Required action →
Return the data exactly, with all pictures removed.

Data shown →
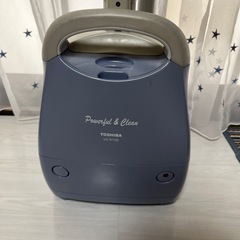 TOSHIBA 掃除機の画像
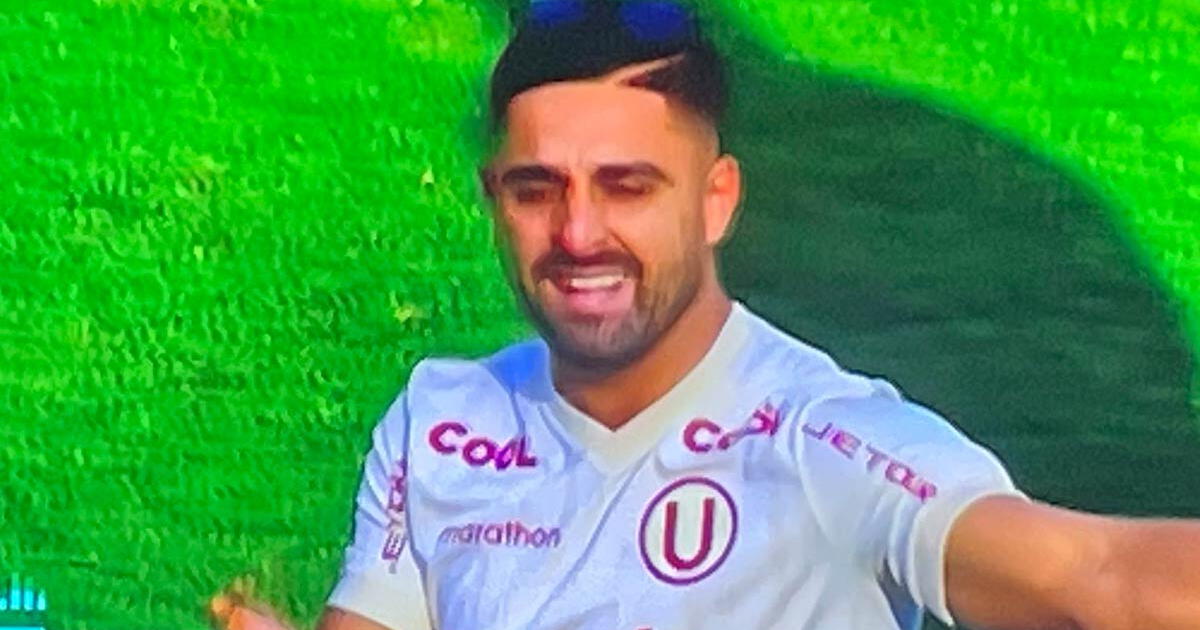 Luis Urruti rompió en llanto al ser ovacionado por hinchas de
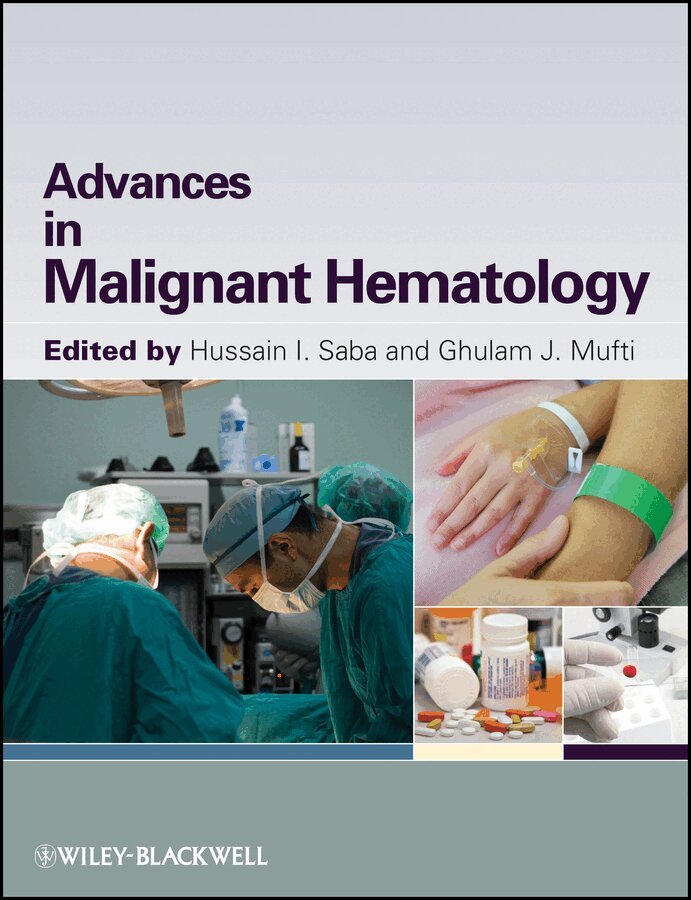 Hussain I. Saba, Ghulam Mufti - Malignant Hematology a Pract Guide. Tillgänglighet: Tillfälligt slut
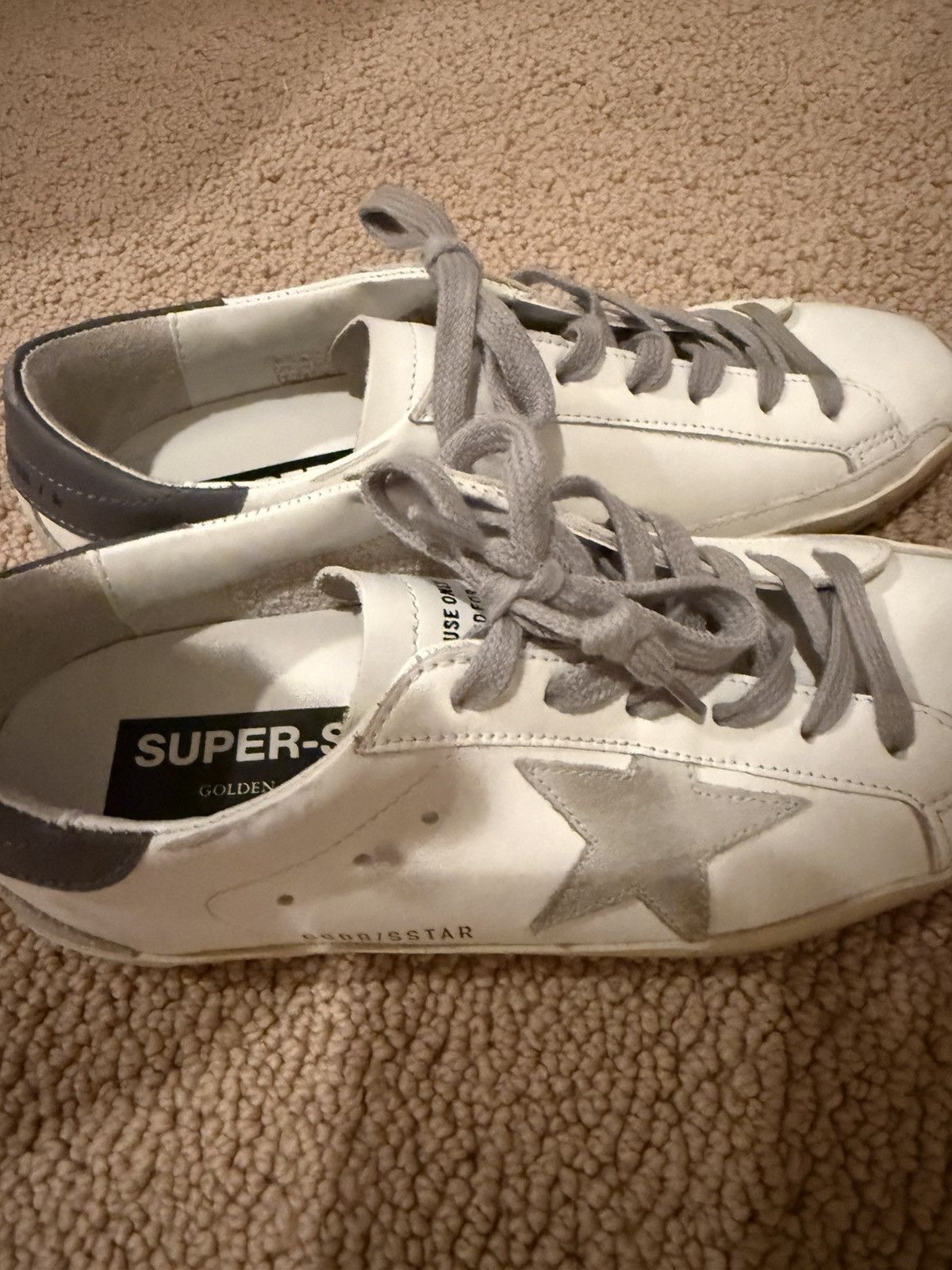 Golden Goose Golden Goose Sneakers Size US 8 / IT 38 - 6 Thumbnail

Output for this task →
 TOSHIBA 掃除機の画像
 Luis Urruti rompió en llanto al ser ovacionado por hinchas de
 Hussain I. Saba, Ghulam Mufti - Malignant Hematology a Pract Guide. Tillgänglighet: Tillfälligt slut
 Golden Goose Golden Goose Sneakers Size US 8 / IT 38 - 6 Thumbnail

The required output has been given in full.